- WHAT IS EXPECTED
Each entry should be given again exactly, with any image left out.

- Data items
"""

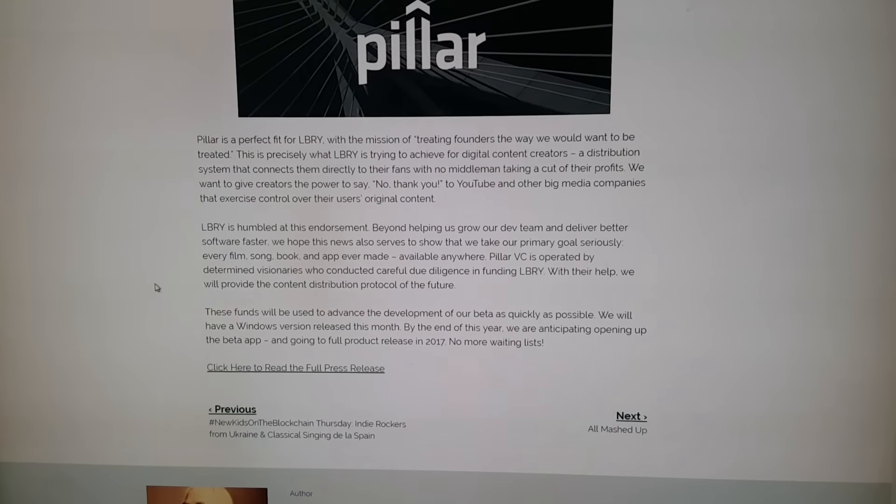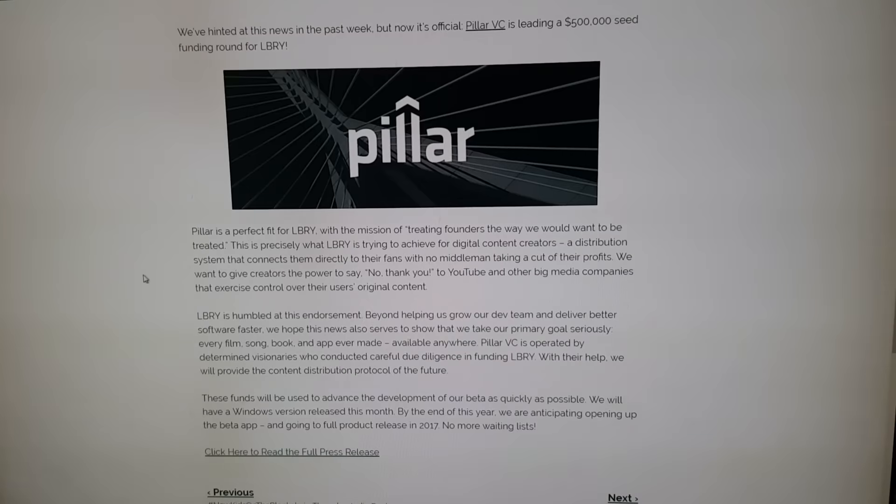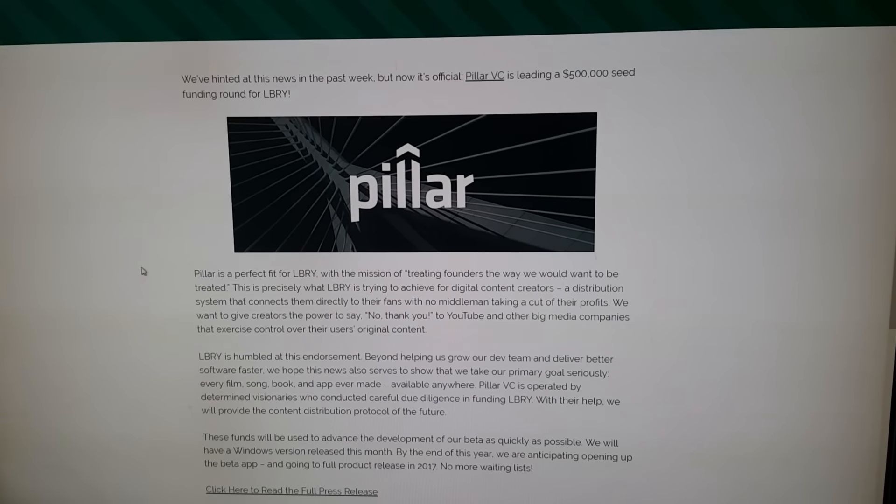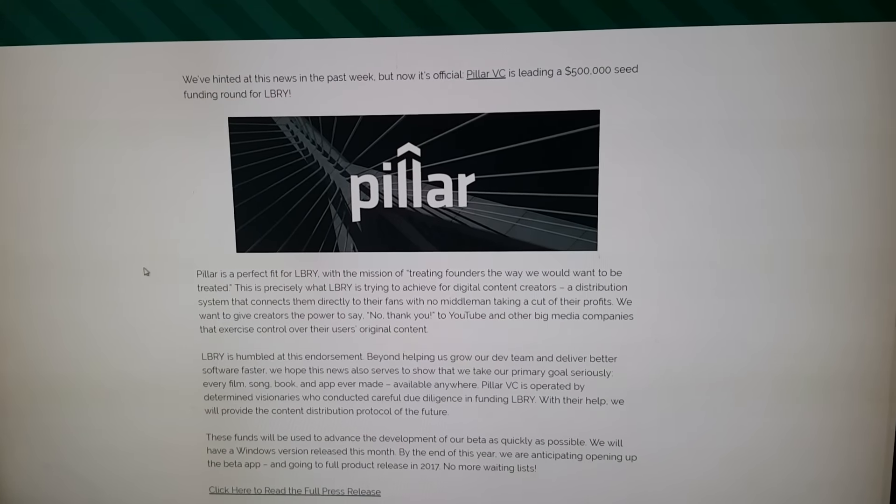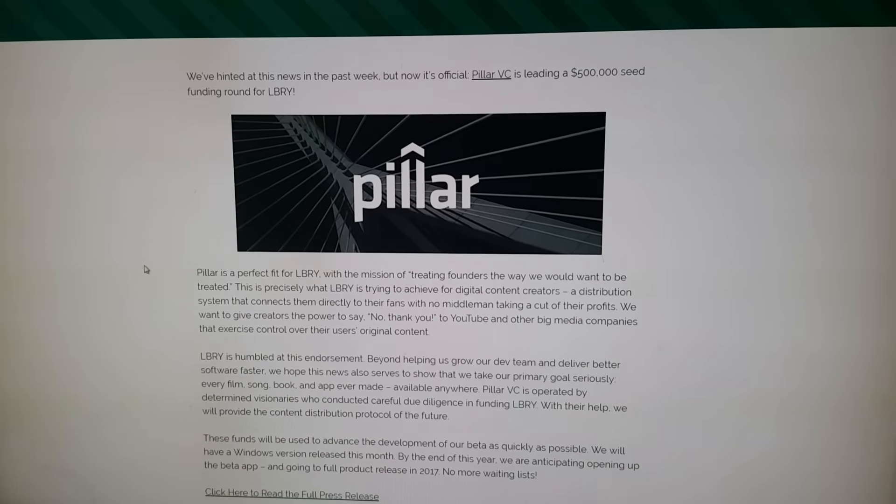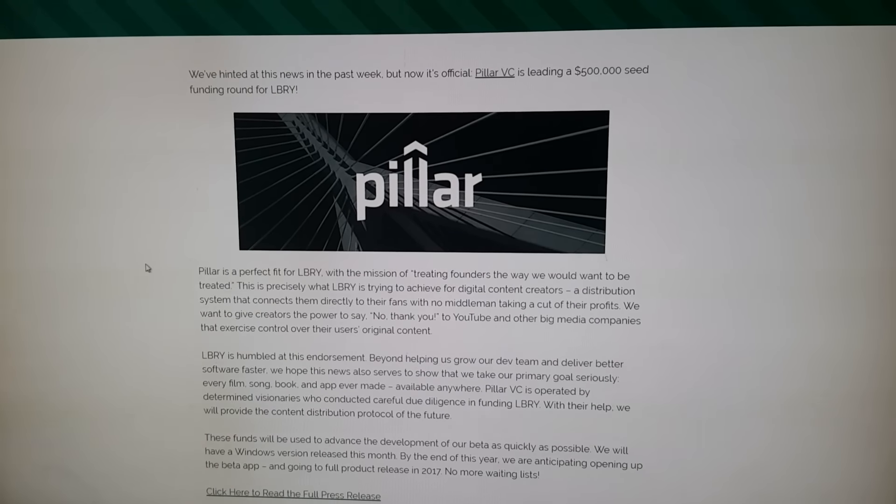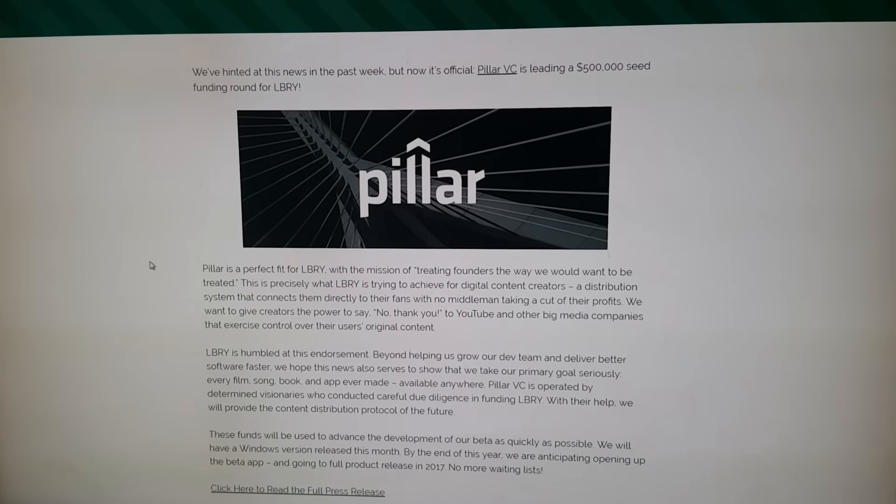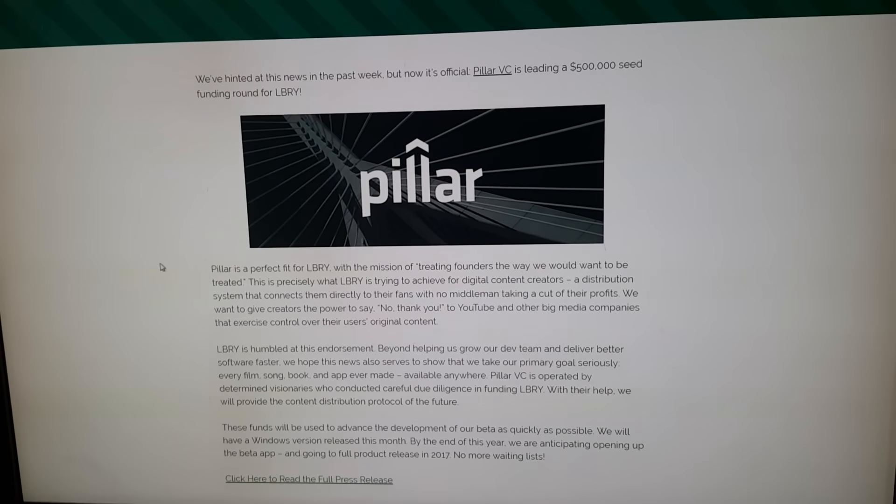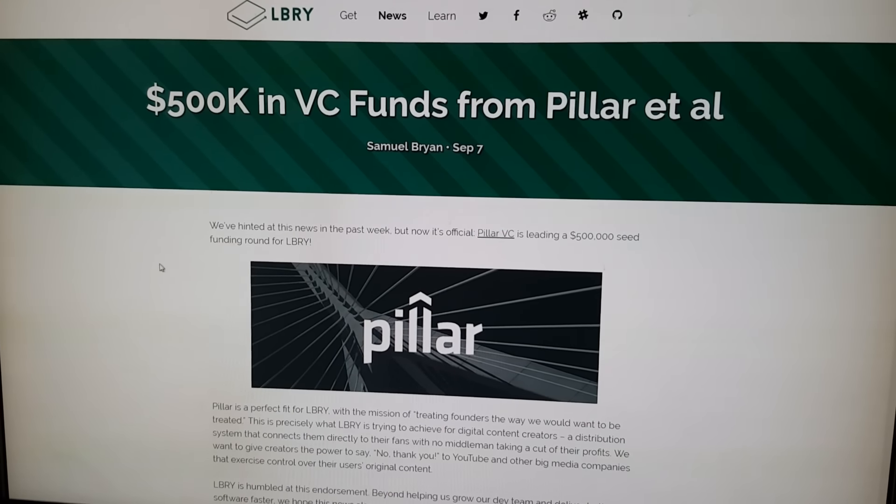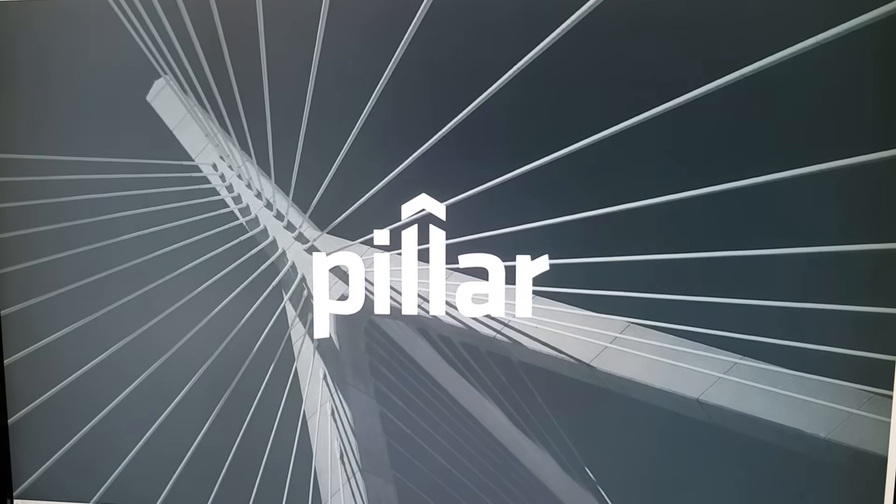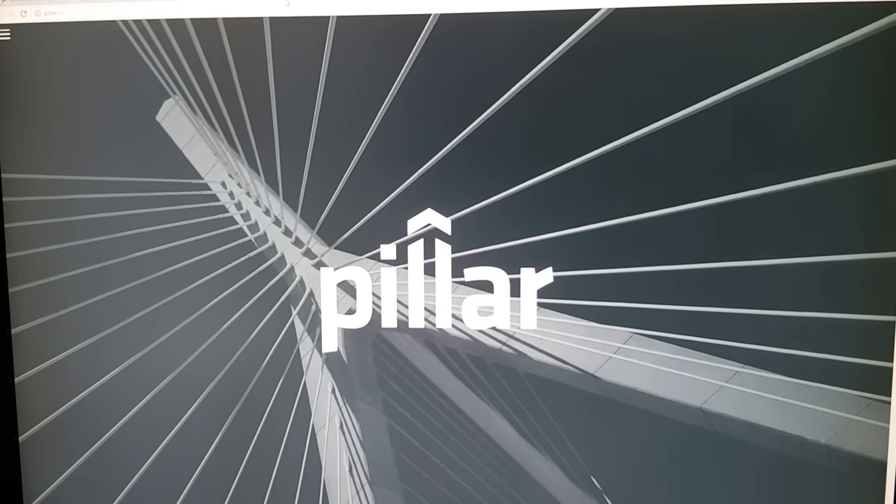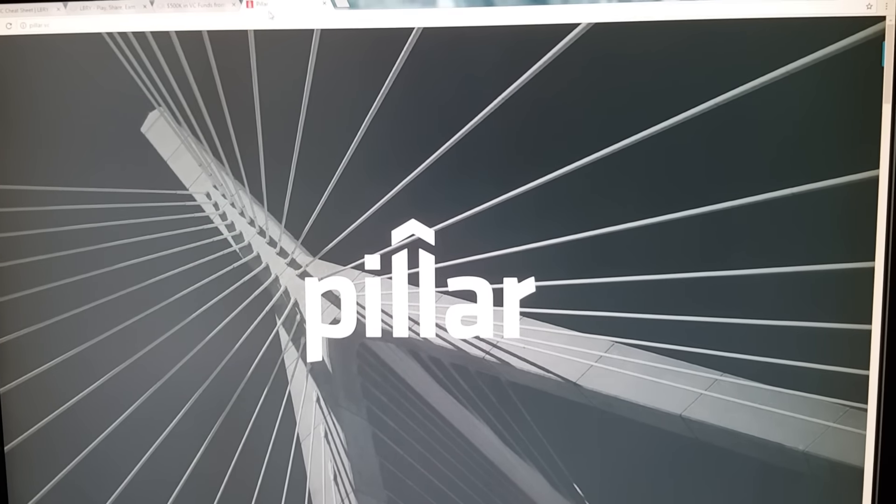You can go through and read this press release, which I strongly suggest you do. There's a lot of great information in here. It gives you a timeline. They are expecting some big things to happen at the end of this month here in about a week or so. They're also expecting not to have any more waiting lists and go into full release by the first of the year. Now they have $500,000 in seed money to start hiring engineers and developers and really take this thing off the ground.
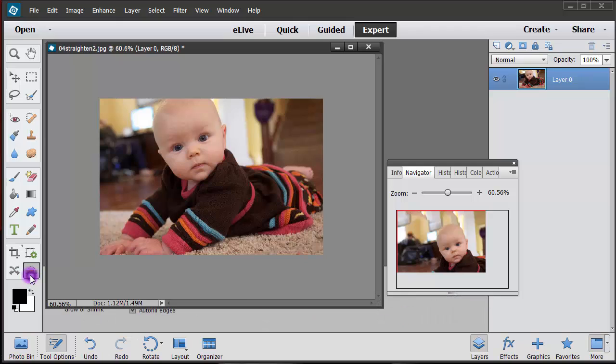So basically try out that straighten tool. It works great when you have things that are a little bit crooked when you're scanning, or if you take a photo where the horizontal line doesn't look so great, you can always straighten it up and then save it as the straight version.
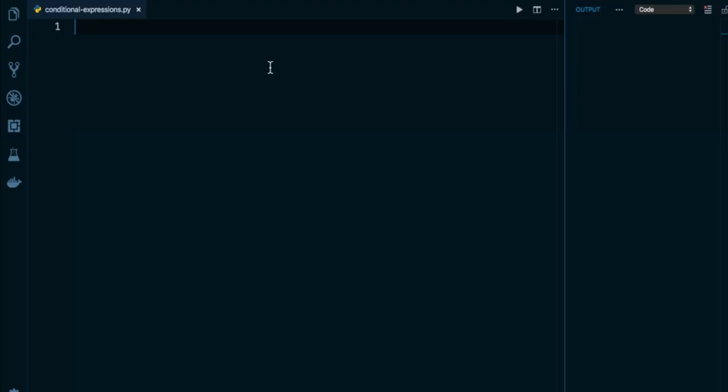This design reduces the total number of lines needed whenever you have an if combined with an else and you want to store a result from either one. An important thing to note is that this shortcut will not work if you have one or more elif statements. This is only for scenarios where it's an either-or situation. If this, then option A, else option B.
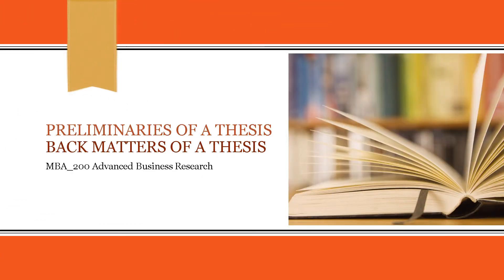Good day everyone! We are already familiar with the major parts of the thesis, which is the body or the text.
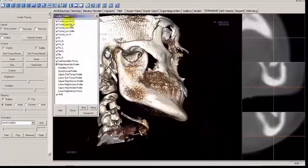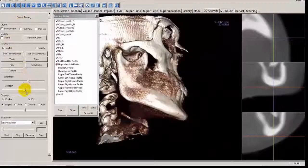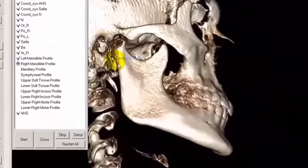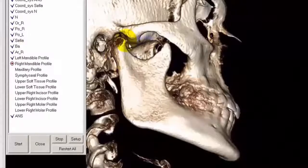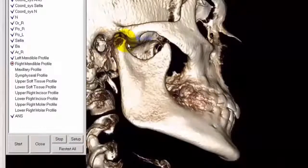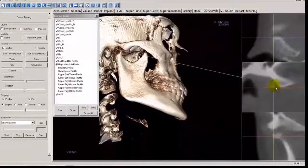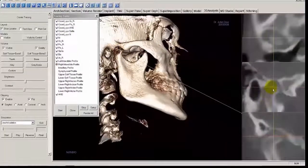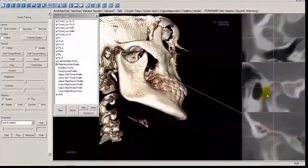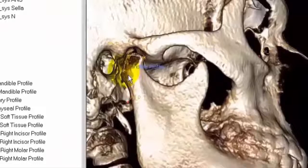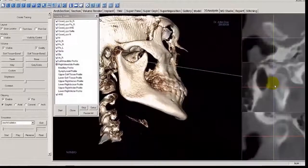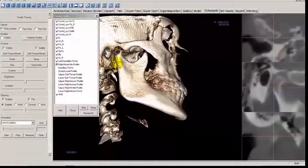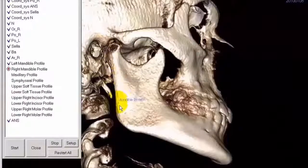We've moved to the Right Mandible Profile. Adjust the brightness and contrast to get a better view. Start at the condylar head — pick out the most anterior point, then the most superior point, then the most posterior point. Then follow the ramus down as we did on the left profile.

"""

- SOLUTION TO THIS TASK
You can go through and read this press release, which I strongly suggest you do. There's a lot of great information in here. It gives you a timeline. They are expecting some big things to happen at the end of this month here in about a week or so. They're also expecting not to have any more waiting lists and go into full release by the first of the year. Now they have $500,000 in seed money to start hiring engineers and developers and really take this thing off the ground.
So basically try out that straighten tool. It works great when you have things that are a little bit crooked when you're scanning, or if you take a photo where the horizontal line doesn't look so great, you can always straighten it up and then save it as the straight version.
This design reduces the total number of lines needed whenever you have an if combined with an else and you want to store a result from either one. An important thing to note is that this shortcut will not work if you have one or more elif statements. This is only for scenarios where it's an either-or situation. If this, then option A, else option B.
Good day everyone! We are already familiar with the major parts of the thesis, which is the body or the text.
We've moved to the Right Mandible Profile. Adjust the brightness and contrast to get a better view. Start at the condylar head — pick out the most anterior point, then the most superior point, then the most posterior point. Then follow the ramus down as we did on the left profile.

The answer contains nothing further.